Jeff and Britta (Gillian Jacobs) search together, with Britta attempting to make Jeff confront his issues with his father. In frustration, he eventually reveals that he has had his father's number for weeks but not called it. Meanwhile, Abed (Danny Pudi) abandons Annie (Alison Brie) after discovering a secret passage behind a bookshelf, leading Annie to become afraid, particularly after seeing Cornelius in a mirror. Abed finds a security room and concurrently watches Cougar Town and the group's activities. After finding a sex dungeon, which Troy does not understand the purpose of, Shirley (Yvette Nicole Brown) begins to worry about his new relationship with Britta, seeing Troy as too innocent. Abed finds surveillance footage of Pierce being watched in his sleep by an unknown individual.

Jeff finds the notebook containing the panic room code, but the room he is in appears to be haunted, with knocking on the door with no apparent source, a picture of Cornelius distorting, and the room beginning to rattle. He finds Britta and leaves. They stumble across Annie, Shirley, and Troy, who have witnessed the outline of hands begin to protrude through a wall. Reaching the outside of the panic room, they find an image of Pierce unconscious. Pierce surprises them from behind, having tried to scare the group as he felt left out from the party. However, he locks the panic room in fear after Abed mentions the footage of an unknown figure he saw. The figure arrives and opens the panic room—it is Gilbert (Giancarlo Esposito), Pierce's half-brother. After Cornelius' death, he arrived at the mansion and began discretely doing housework tasks out of loneliness. Pierce suggests that he move in, and the group departs. At home, Jeff calls his father.

==Production==
The fourth season was initially scheduled to premiere on October 19, 2012, airing on Fridays at 8:30 pm. In early October 2012, NBC delayed the premiere. The first episode premiered on February 7, 2013, with the show in its time slot of previous seasons of Thursday at 8 p.m. As a result, though "Paranormal Parentage" was a Halloween-themed episode, it premiered on Valentine's Day. During its premiere, the network promoted the hashtag #ghostdad onscreen.

==Analysis==
"Paranormal Parentage" was the fourth and final Halloween-themed episode of Community, following season 1's "Introduction to Statistics", season 2's "Epidemiology" and season 3's "Horror Fiction in Seven Spooky Steps". The mystery genre of the episode resembles the animated franchise Scooby-Doo, which previous episodes had also made tribute to the franchise. Abed mentions the movie 1989 Do the Right Thing, in which guest star Giancarlo Esposito had one of his earliest acting roles.

==Reception==
Upon its first broadcast in the United States, an estimated 2.76 million viewers watched the episode.

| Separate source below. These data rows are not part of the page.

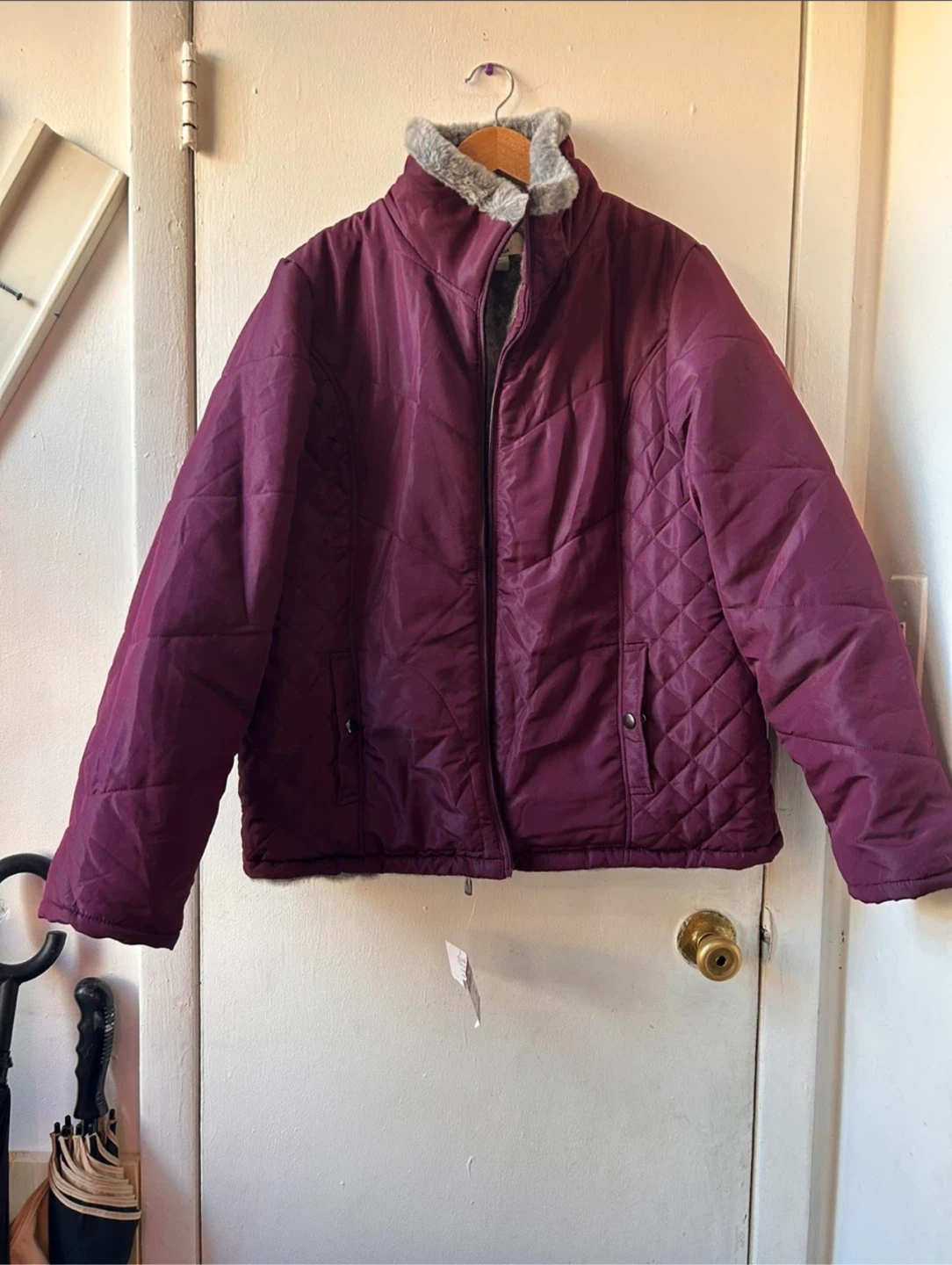 New women’s coat size L 🥕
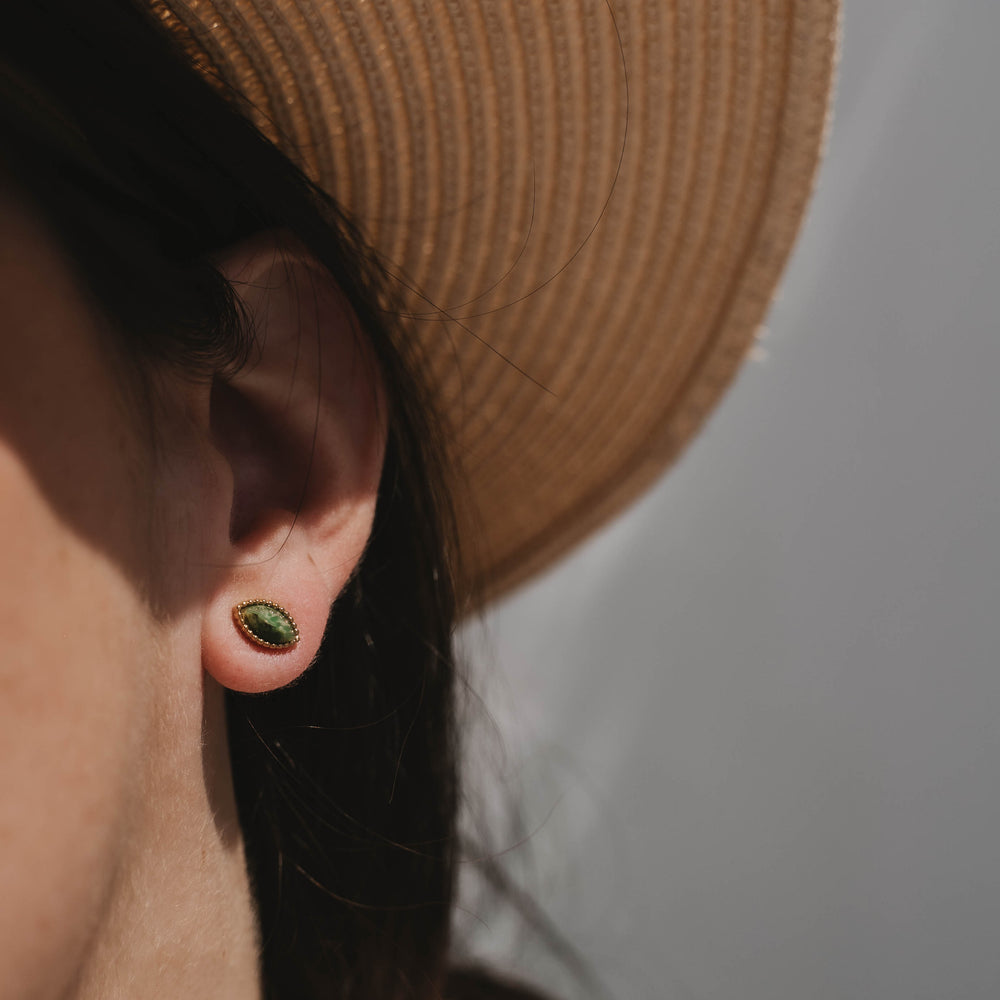 Antalaya | Boucles d'oreilles / puces en acier inoxydable et pierres naturelles | Jaspe verte | Doré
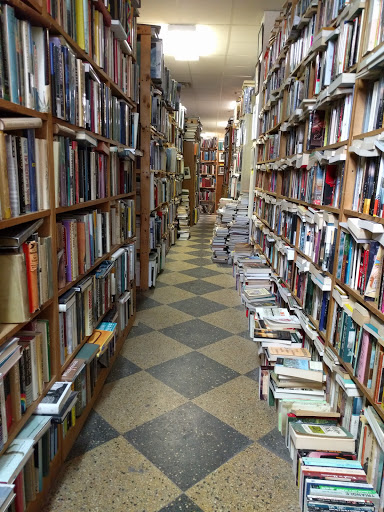 Used Book Store «Yes Books», reviews and photos, 589 Congress St, Portland, ME 04101, USA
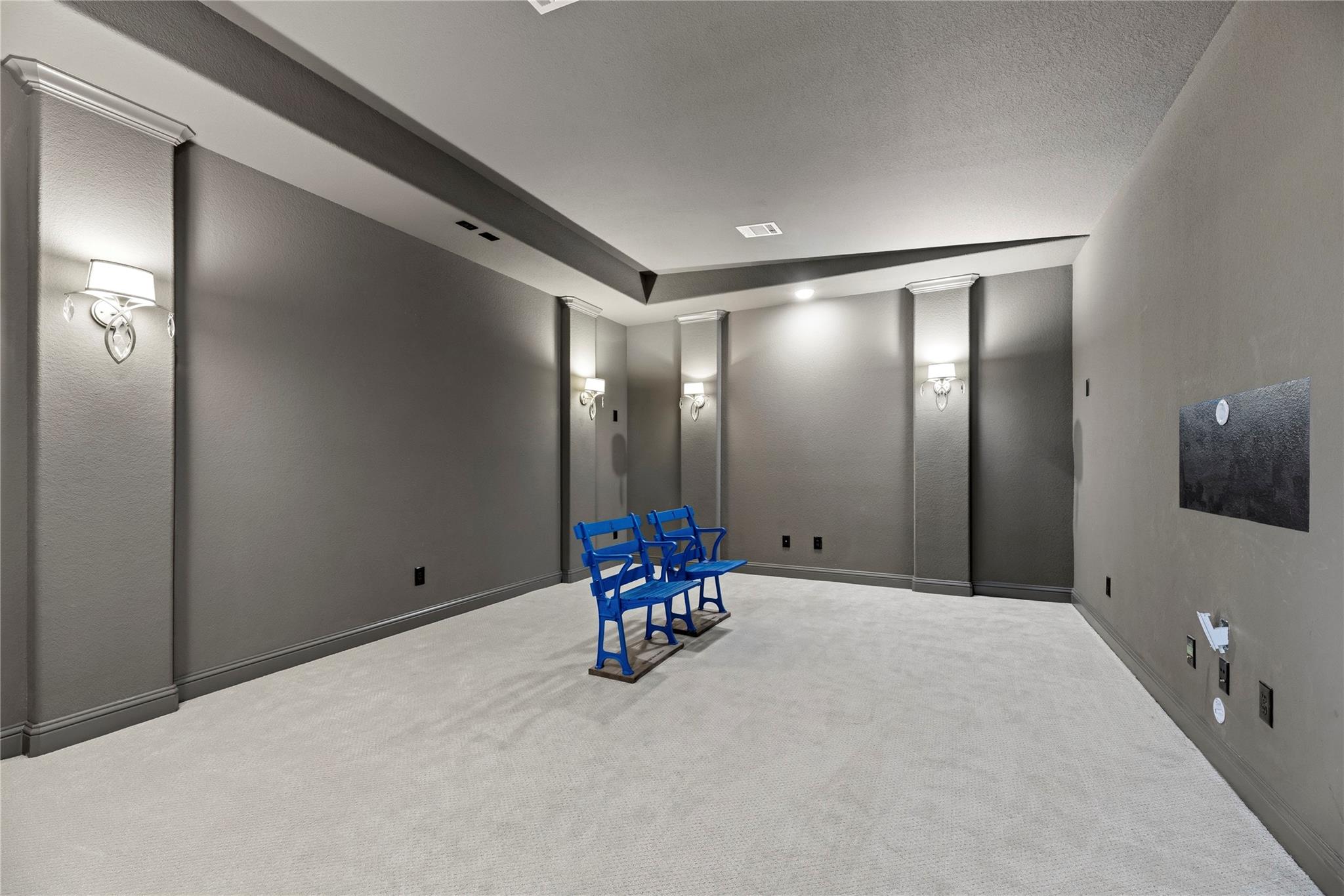 2306 Twilight Peak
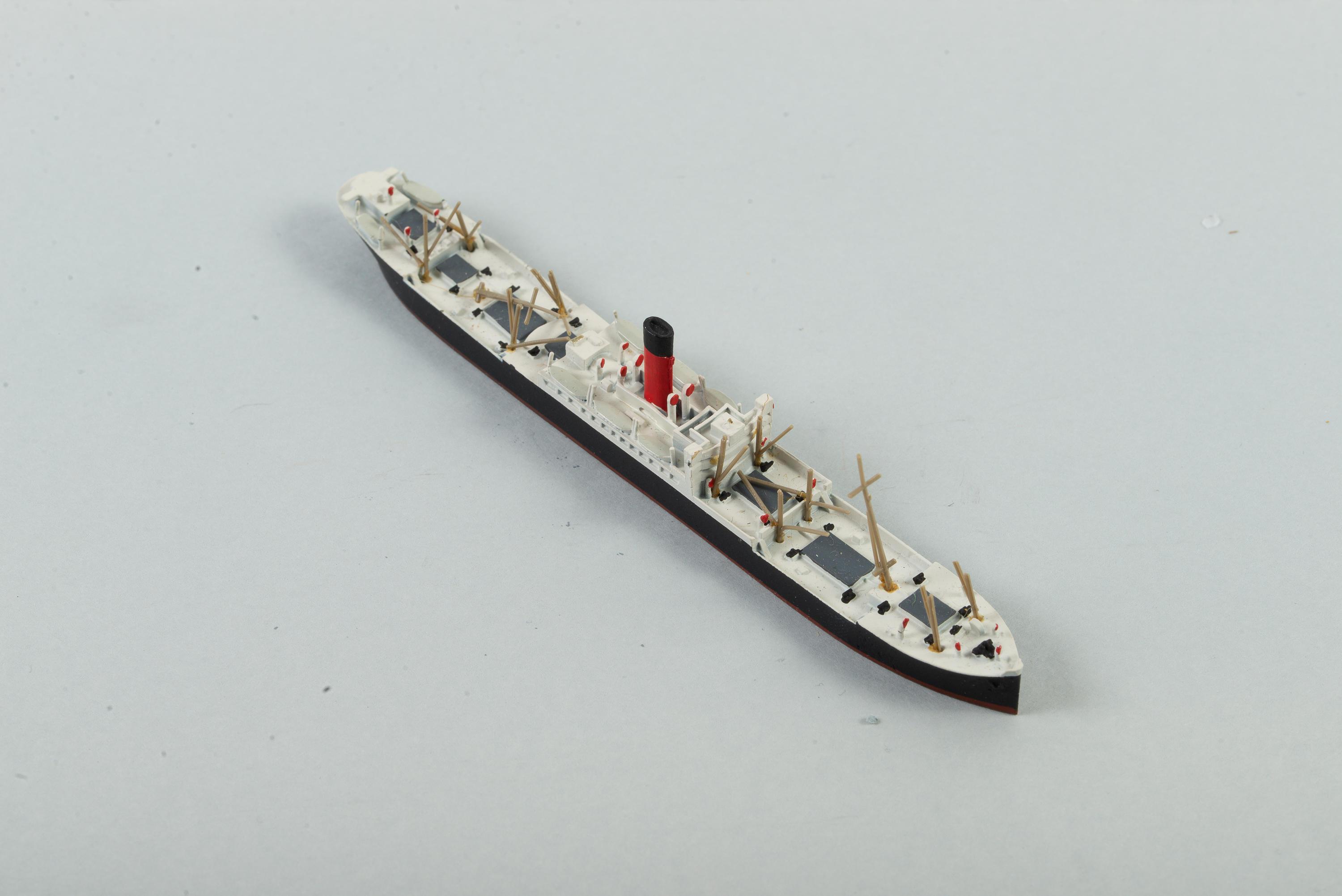 Model waterline model of ship SS GLENIFFER New Zealand Maritime Museum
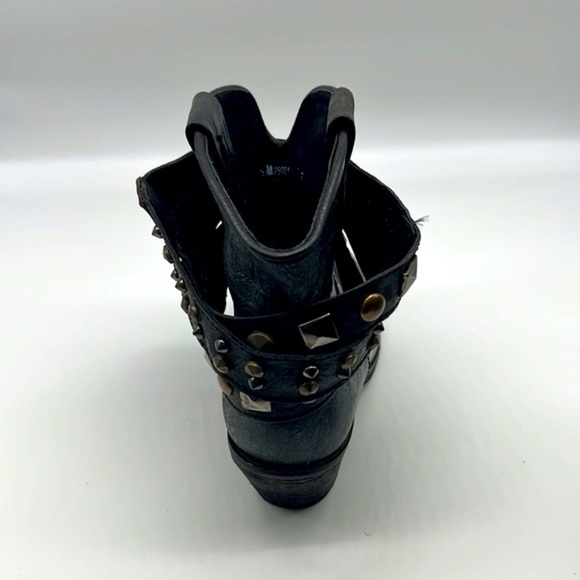 Circle G - Black Leather Distressed Studded Strap Pull On Ankle Boot Size 7.5 - Picture 6 of 15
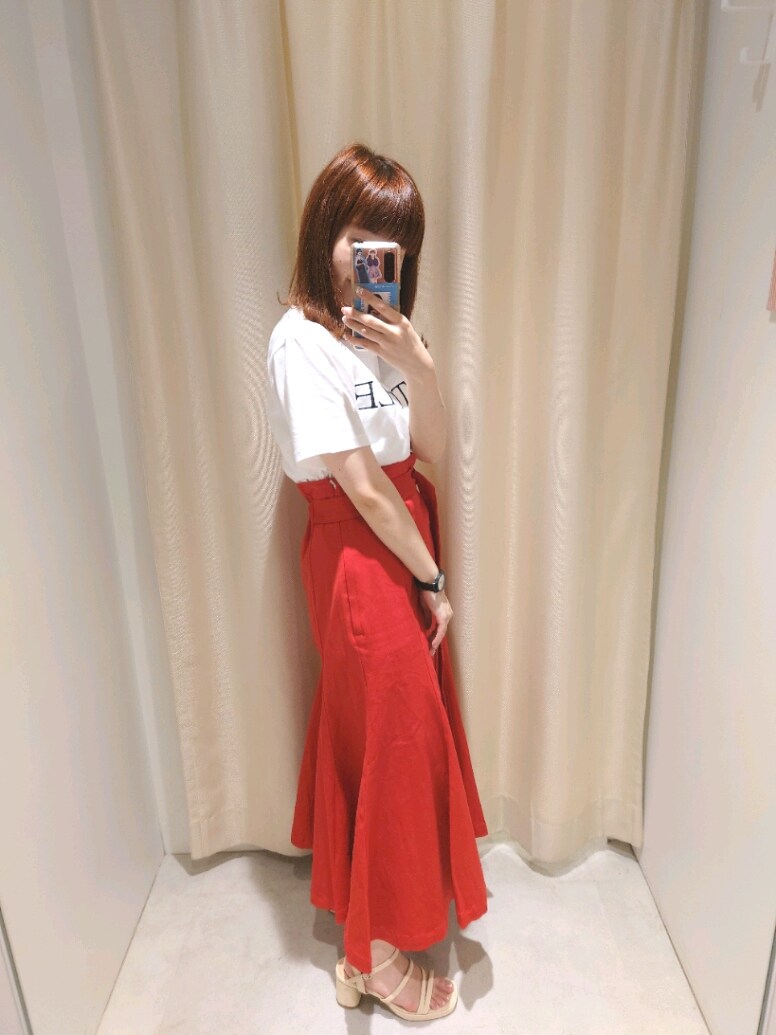ホワイト系のTシャツ/カットソー、レッド系のスカート、ホワイト系のサンダルを着用したレディースの夏コーディネートの2枚目の写真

Giving the episode a rating of 3.7 out of five, Gabrielle Moss of TV Fanatic found the episode lacking for fans, but a good introduction for new viewers. Vultures Josh Gondelman rated the episode 3 out of 5. Gondelman found it largely self-referential, writing that: "We spend much of this episode watching the characters watch each other on screens". Emily VanDerWerff of The A.V. Club rated the episode a B+, reviewing that it was an improvement over "History 101". VanDerWerff praised the non-supernatural explanation of events and emotional moments involving Pierce and Jeff. However, she criticized that some character development from previous seasons had been ignored and thought the humor could be improved. Sean Gandert of Paste similarly criticized the characterization and found the episode to lack ingenuity or humor.

Rating it 7.2 out of 10, Eric Goldman of IGN reviewed the characters as "cartoonish" and found the episode to be mixed overall. Cory Barker of TV.com believed it to be roughly as good as "Introduction to Statistics" but inferior to the other Halloween episodes. Barker liked Jeff's storyline and some of the jokes. Britt Hayes of ScreenCrush criticized Chase's acting and found the rate of jokes to have decreased since Harmon's departure.